Andrea Miller’s “Sama” aimed for depth. The promotional material quoted the choreographer on the work: ”In the digital and information age we might be numbing our bodies as the fundamental key of being in the world and knowing it. Is this the beginning of an apocalypse of the body? There are essential, ambiguous and complex elements of our humanity that we can only be accessed through our physical experience. Forget conventional, oversimplifying or automated rules of reasoning. The body is the chance of being without reducing.”   The work itself was a vigorous and dynamic feast of movement, but clearly philosophical musings and dance can be uneasy companions.

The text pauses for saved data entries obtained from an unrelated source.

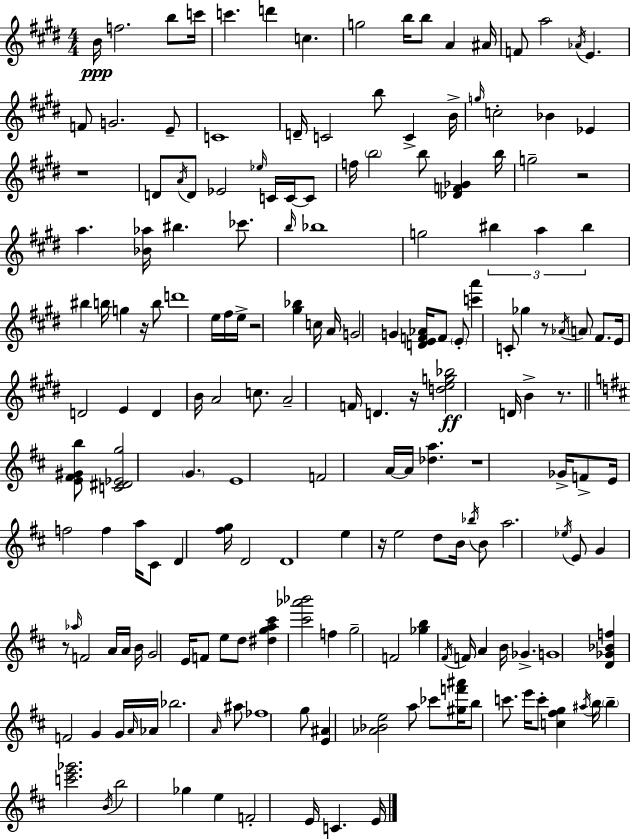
{
  \clef treble
  \numericTimeSignature
  \time 4/4
  \key e \major
  b'16\ppp f''2. b''8 c'''16 | c'''4. d'''4 c''4. | g''2 b''16 b''8 a'4 ais'16 | f'8 a''2 \acciaccatura { aes'16 } e'4. | \break f'8 g'2. e'8-- | c'1 | d'16-- c'2 b''8 c'4-> | b'16-> \grace { g''16 } c''2-. bes'4 ees'4 | \break r1 | d'8 \acciaccatura { a'16 } d'8 ees'2 \grace { ees''16 } | c'16 c'16~~ c'8 f''16 \parenthesize b''2 b''8 <des' f' ges'>4 | b''16 g''2-- r2 | \break a''4. <bes' aes''>16 bis''4. | ces'''8. \grace { b''16 } bes''1 | g''2 \tuplet 3/2 { bis''4 | a''4 bis''4 } bis''4 b''16 g''4 | \break r16 b''8 d'''1 | e''16 fis''16 e''16-> r2 | <gis'' bes''>4 c''16 a'16 g'2 g'4 | <d' e' f' aes'>16 f'8 \parenthesize e'8-. <c''' a'''>4 c'8-. ges''4 | \break r8 \acciaccatura { aes'16 } \parenthesize a'8 fis'8. e'16 d'2 | e'4 d'4 b'16 a'2 | c''8. a'2-- f'16 d'4. | r16 <d'' e'' g'' bes''>2\ff d'16 b'4-> | \break r8. \bar "||" \break \key d \major <e' fis' gis' b''>8 <c' dis' ees' g''>2 \parenthesize g'4. | e'1 | f'2 a'16~~ a'16 <des'' a''>4. | r1 | \break ges'16-> f'8-> e'16 f''2 f''4 | a''16 cis'8 d'4 <fis'' g''>16 d'2 | d'1 | e''4 r16 e''2 d''8 b'16 | \break \acciaccatura { bes''16 } b'8 a''2. \acciaccatura { ees''16 } | e'8 g'4 r8 \grace { aes''16 } f'2 | a'16 a'16 b'16 g'2 e'16 f'8 e''8 | d''8 <dis'' g'' a'' cis'''>4 <cis''' aes''' bes'''>2 f''4 | \break g''2-- f'2 | <ges'' b''>4 \acciaccatura { fis'16 } f'16 a'4 b'16 ges'4.-> | g'1 | <d' ges' bes' f''>4 f'2 | \break g'4 g'16 \grace { a'16 } aes'16 bes''2. | \grace { a'16 } ais''8 fes''1 | g''8 <e' ais'>4 <aes' bes' e''>2 | a''8 ces'''8 <gis'' f''' ais'''>16 b''8 c'''8. e'''16 c'''8-. | \break <c'' fis'' g''>4 \acciaccatura { ais''16 } b''16 \parenthesize b''4-- <c''' e''' ges'''>2. | \acciaccatura { b'16 } b''2 | ges''4 e''4 f'2-. | e'16 c'4. e'16 \bar "|."
}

Gallim dancers in "Sama" © Rachel Papo

The work opened in the dark, the smoky red lighting giving the stomping bodies an eerie glow.  The male dancers wore loose trousers suggesting a secret rite of some Eastern religion.  (According to Wikipedia Sama is a Sufi ceremony performed by the whirling dervishes; this may be the origin of Miller’s title.). The ominous, pulsating music (by Nico Saar, Vladimir Zaldwich, and Frédéric Despierre) reinforced the mystery and seemed to urge them dancers on.  And on they poured, with powerful, snaky moves, bending with an insect-like flexibility, an almost inhuman mass of dramatic, never-ending movement.  The dancers all had phenomenal strength which they matched with a dynamic and infectious rhythm and some unexpected gifts, like the two men on stilts stomping and lunging with precise musicality.  This did not look like their bodies were a “chance of being” to me, it looked like brilliantly talented dancers who had worked extremely hard to entertain their audience; the audience responded with raucous enthusiasm.